3. Information on Processing of Personal Data for Own Business Purposes

1. Purposes and legal basis of processing

We collect and process your personal data for the following purposes:

Applicant data
We collect and process applicant data (typically address, contact details, qualification, resume, letters of reference, etc.) for the purpose of performing application procedures, provided that these are required for the decision about initiating employment with us. The legal basis for this is Article 88 GDPR in conjunction with Section 26 (1) in conjunction with (8) second sentence BDSG. If we employ an applicant, we may process the personal data already received further in accordance with Section 26 (1) BDSG if this is required for the purpose of the employment.
We may store the data of rejected applicants for up to 6 months after the rejection was received in text form to defend against asserted legal claims from the application proceedings, based on point (f) of Article 6 (1) GDPR. Our legitimate interest is a possible burden of evidence in proceedings under the general law on equal treatment (Allgemeines Gleichbehandlungsgesetz, AGG). Storage beyond this will only take place with the express consent of the applicant. The applicant continues to have the right to exercise his rights named in 1.

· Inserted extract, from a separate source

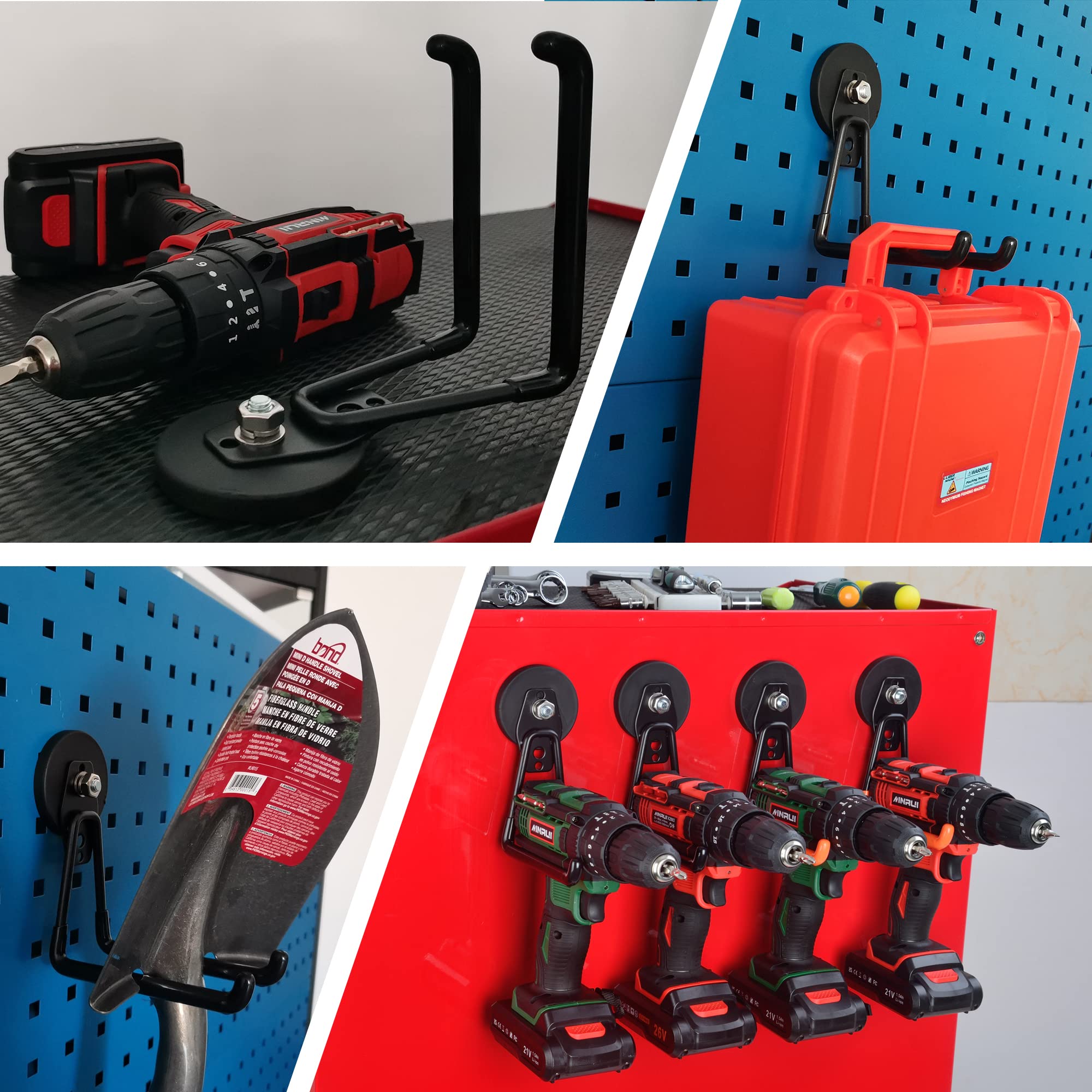 ULIBERMAGNET Heavy Duty Magnetic Hooks 2 Pack - XL 2.59 Inch Power Tool Organizer for Workshop & Garage - Strong Cordless Drill Hooks for Garden Tools, DIY Projects & Home Organization (Black)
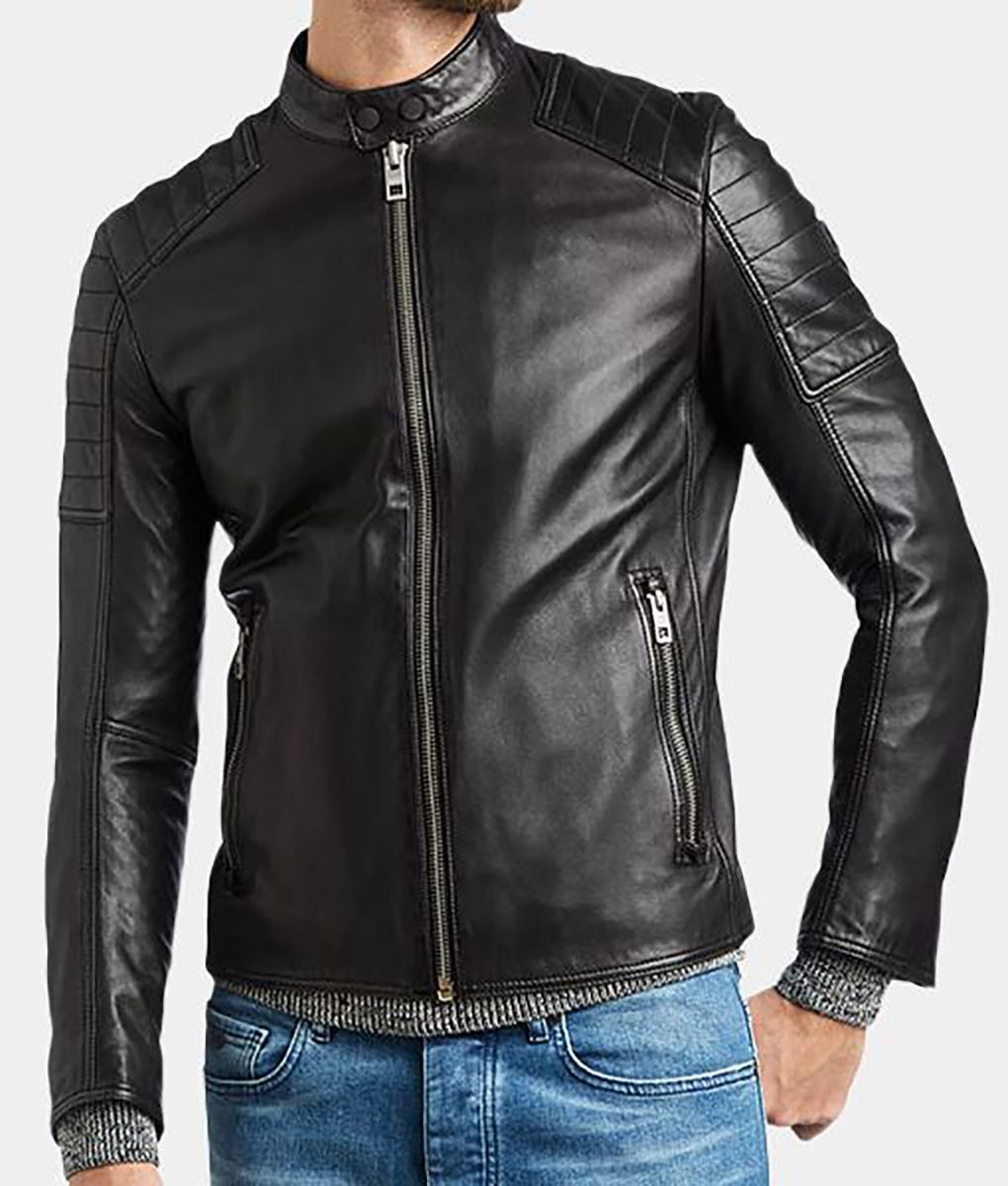 Men's Jayzee Quilted Shoulders Café Racer Black Leather Jacket | TLC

Processing of personal data

  1. To perform pre-contractual measures or initiate a purchasing contract or business relationship. This processing is based on point (b) of Article 6 (1) GDPR. You may object to the storage of your data at any time, in which case we will erase your data, provided that we are not prevented from doing so by statutory retention periods.
  2. To perform the contract and to support the customer base. The legal ground for this processing is point (b) of Article 6 (1) GDPR, which permits the processing of data for the performance of a contract or for taking the necessary steps prior to entering a contract. The data will be deleted after the end of the business relationship, except if there are any statutory retention periods. Such retention periods may result (as one example) from tax law, which may require archiving for periods of up to ten years.
  3. We also process personal data to perform campaigns and lotteries. Such processing takes place based on your consent in accordance with point (a) of Article 6 (1) GDPR. After the end of the lottery, all data that you as participant submitted to us will be deleted, unless any different statutory or contractual retention regulations exist.
  4. We may also use the addresses of our customer base for letter advertisements; this processing is based on point (f) of Article 6 (1) GDPR. Our legitimate interest is in personal direct marketing. You have the right at any time to object to use of your data for the purpose of direct marketing.
  5. We use the email addresses of our customer base, i.e. only those with whom we have a business relationship, for marketing emails. This processing is based on point (f) of Article 6 (1) GDPR in conjunction with Section 7 (3) UWG. Our legitimate interest is in simple and cost-efficient marketing contact with our customer base. Of course, this is done under observation of the high requirement of Section 7 (3) UWG, which defines the exceptions for use of the email addresses of the customer base. You have the right at any time to object to use of your email address for the purpose of direct marketing.
  6. To exercise your rights, please contact our data protection officer at datenschutz@xuxu.de.

2. Transmission of data

We may transmit your personal data to other companies as far as this is permitted or required in the scope of the purposes and legal basics presented. Apart from this, personal data will be processed by external service providers on our order based on contracts for processing activities according to Article 28 GDPR, in particular in the area of information technology and data processing. Your data will not be passed on outside of the EU in any case.

3. Storage of the data

Your personal data will only be stored as long as knowledge of the data is required for the contractual relationship or the purposes for which they were collected or if there are any statutory or contractual retention rules. Statutory retention periods result, among others, from provisions under social law and tax law and can be up to ten years for documents and vouchers relevant under tax law.